RD Congo - Conformément à loi Obama sur les minerais de sang, des sociétés étrangères qui achètent les minerais dans l'Est de la RDC mettent fin à leurs activités d'achat, à dater du hier vendredi 1er avril 2011. Certaines sociétés internationales opérant dans l'électronique se conviennent de ne plus acheter les minerais de l'Est de la RDC, du moins des minerais extraits dans des zones où opèrent des groupes armés. Cette situation semble ne pas arranger les populations locales de l'Est, particulièrement celles qui exploitent les minerais. La décision des multinationales suspendant l'achat des minerais de l'Est est relative à la loi Obama sur les minerais de sang. Cette loi interdit l'achat des matières premières produites dans des zones de conflits armés. Elle entre en vigueur en date du 1er janvier 2012. Mais pour les multinationales, elles préfèrent déjà l'appliquer à dater du vendredi 1er avril 2011.

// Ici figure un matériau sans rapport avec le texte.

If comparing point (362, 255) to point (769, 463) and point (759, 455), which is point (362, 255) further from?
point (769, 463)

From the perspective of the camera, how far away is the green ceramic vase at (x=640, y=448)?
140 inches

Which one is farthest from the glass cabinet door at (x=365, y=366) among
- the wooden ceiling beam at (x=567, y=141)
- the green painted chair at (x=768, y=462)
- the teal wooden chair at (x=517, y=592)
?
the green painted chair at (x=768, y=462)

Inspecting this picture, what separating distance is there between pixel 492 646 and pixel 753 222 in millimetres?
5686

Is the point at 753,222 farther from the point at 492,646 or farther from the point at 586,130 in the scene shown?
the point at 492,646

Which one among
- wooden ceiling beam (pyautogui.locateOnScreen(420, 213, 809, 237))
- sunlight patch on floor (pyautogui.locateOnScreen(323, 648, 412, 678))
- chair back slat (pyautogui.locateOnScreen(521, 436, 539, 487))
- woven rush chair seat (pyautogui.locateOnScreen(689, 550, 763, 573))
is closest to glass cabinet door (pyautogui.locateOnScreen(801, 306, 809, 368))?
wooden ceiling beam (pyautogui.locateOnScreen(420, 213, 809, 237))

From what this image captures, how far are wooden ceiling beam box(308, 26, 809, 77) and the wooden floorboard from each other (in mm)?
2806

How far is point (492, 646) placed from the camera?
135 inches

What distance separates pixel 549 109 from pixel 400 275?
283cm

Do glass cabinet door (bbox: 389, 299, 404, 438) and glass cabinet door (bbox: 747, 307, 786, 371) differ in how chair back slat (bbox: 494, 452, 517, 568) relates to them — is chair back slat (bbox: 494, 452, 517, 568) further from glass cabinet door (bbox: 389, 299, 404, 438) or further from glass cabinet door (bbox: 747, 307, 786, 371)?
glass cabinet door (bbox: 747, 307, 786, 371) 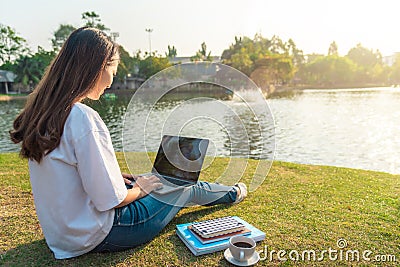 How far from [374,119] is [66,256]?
43.6 ft

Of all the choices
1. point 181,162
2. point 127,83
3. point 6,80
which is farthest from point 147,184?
point 6,80

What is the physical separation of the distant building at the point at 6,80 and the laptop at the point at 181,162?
3558cm

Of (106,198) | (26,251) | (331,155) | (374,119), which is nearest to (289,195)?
(106,198)

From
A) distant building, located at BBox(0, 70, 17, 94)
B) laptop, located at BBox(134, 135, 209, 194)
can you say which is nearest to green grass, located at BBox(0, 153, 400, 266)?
laptop, located at BBox(134, 135, 209, 194)

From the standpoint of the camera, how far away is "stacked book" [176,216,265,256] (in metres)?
1.92

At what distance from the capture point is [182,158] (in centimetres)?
224

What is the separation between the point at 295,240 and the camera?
2.07m

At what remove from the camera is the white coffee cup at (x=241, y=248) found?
68.8 inches

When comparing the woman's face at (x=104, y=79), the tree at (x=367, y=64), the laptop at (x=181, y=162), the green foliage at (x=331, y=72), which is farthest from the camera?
the tree at (x=367, y=64)

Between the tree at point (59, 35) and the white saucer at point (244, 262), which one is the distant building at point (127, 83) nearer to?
the tree at point (59, 35)

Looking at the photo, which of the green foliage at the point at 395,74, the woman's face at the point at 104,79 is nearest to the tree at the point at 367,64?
the green foliage at the point at 395,74

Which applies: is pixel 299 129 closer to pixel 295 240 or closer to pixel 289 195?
pixel 289 195

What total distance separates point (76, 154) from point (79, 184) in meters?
0.18

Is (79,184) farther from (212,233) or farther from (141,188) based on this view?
(212,233) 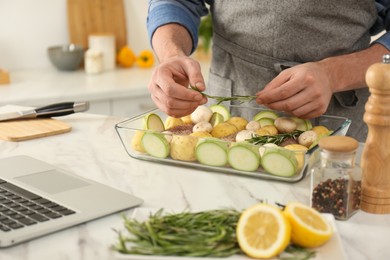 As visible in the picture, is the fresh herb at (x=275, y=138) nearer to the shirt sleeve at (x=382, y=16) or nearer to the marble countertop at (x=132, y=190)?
the marble countertop at (x=132, y=190)

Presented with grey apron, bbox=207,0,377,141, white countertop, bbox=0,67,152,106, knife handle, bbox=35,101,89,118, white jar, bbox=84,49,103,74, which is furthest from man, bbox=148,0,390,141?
white jar, bbox=84,49,103,74

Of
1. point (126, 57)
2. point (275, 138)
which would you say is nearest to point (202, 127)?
point (275, 138)

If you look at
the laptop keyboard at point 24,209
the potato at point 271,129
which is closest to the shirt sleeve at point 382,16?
the potato at point 271,129

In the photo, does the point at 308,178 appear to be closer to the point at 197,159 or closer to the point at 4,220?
the point at 197,159

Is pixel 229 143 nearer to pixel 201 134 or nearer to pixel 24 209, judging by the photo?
pixel 201 134

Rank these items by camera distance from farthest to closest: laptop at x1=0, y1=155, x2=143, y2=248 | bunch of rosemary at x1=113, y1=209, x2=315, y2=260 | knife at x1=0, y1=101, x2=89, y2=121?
knife at x1=0, y1=101, x2=89, y2=121 → laptop at x1=0, y1=155, x2=143, y2=248 → bunch of rosemary at x1=113, y1=209, x2=315, y2=260

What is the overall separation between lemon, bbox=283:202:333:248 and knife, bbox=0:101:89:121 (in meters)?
0.94

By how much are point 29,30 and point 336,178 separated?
7.85 feet

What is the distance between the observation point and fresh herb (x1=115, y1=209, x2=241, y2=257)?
0.95 m

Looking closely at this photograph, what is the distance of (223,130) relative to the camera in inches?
56.5

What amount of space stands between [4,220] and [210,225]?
1.08 feet

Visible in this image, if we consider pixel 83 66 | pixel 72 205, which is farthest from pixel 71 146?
pixel 83 66

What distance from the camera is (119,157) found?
149 cm

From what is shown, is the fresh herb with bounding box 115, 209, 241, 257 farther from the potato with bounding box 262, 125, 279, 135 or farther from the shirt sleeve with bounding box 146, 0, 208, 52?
the shirt sleeve with bounding box 146, 0, 208, 52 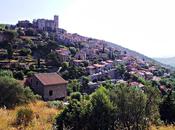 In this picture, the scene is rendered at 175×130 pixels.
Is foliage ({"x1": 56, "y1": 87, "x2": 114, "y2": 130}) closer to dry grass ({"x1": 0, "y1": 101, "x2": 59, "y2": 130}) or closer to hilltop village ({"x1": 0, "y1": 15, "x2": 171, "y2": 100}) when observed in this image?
dry grass ({"x1": 0, "y1": 101, "x2": 59, "y2": 130})

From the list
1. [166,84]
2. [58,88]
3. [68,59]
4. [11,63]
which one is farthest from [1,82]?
[68,59]

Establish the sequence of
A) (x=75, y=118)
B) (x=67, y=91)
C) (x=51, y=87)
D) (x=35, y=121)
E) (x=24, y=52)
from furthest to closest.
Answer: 1. (x=24, y=52)
2. (x=67, y=91)
3. (x=51, y=87)
4. (x=75, y=118)
5. (x=35, y=121)

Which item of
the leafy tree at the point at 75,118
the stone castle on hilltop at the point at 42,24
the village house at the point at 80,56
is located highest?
the stone castle on hilltop at the point at 42,24

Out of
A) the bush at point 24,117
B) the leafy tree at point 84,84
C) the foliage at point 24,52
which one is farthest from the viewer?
the foliage at point 24,52

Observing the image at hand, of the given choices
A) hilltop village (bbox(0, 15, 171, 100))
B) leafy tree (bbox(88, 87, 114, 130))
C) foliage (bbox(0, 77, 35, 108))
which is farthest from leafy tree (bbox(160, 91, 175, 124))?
hilltop village (bbox(0, 15, 171, 100))

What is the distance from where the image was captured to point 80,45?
322 ft

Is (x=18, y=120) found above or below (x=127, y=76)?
above

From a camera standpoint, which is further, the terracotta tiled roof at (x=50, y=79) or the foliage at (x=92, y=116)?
the terracotta tiled roof at (x=50, y=79)

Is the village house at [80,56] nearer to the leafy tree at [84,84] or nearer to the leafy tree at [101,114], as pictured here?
the leafy tree at [84,84]

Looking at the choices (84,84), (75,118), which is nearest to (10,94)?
(75,118)

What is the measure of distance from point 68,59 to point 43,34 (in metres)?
18.1

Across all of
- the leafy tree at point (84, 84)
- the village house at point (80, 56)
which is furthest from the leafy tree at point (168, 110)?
the village house at point (80, 56)

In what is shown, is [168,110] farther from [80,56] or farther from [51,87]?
[80,56]

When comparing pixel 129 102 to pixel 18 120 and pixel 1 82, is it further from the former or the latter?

Cette décision des multinationales inquiète les acteurs de la Société civile ainsi que des opérateurs économiques de la province du Nord-Kivu. C'est ce qui justifie la sollicitation par la Société civile du Nord-Kivu, d'un moratoire. « Dans une lettre adressée au président américain, la coordination de la Société civile du Nord-Kivu sollicite un moratoire de 6 à 12 mois, afin de permettre à la RDC de se conformer aux mesures de contrôle qu'exige la loi Obama », renseigne radiookapi.net. Il faut noter que la loi Obama appelée également «Financial reform act», oblige les entreprises à publier leurs revenus ainsi que les paiements fiscaux qu'elles effectuent auprès des gouvernements du monde entier.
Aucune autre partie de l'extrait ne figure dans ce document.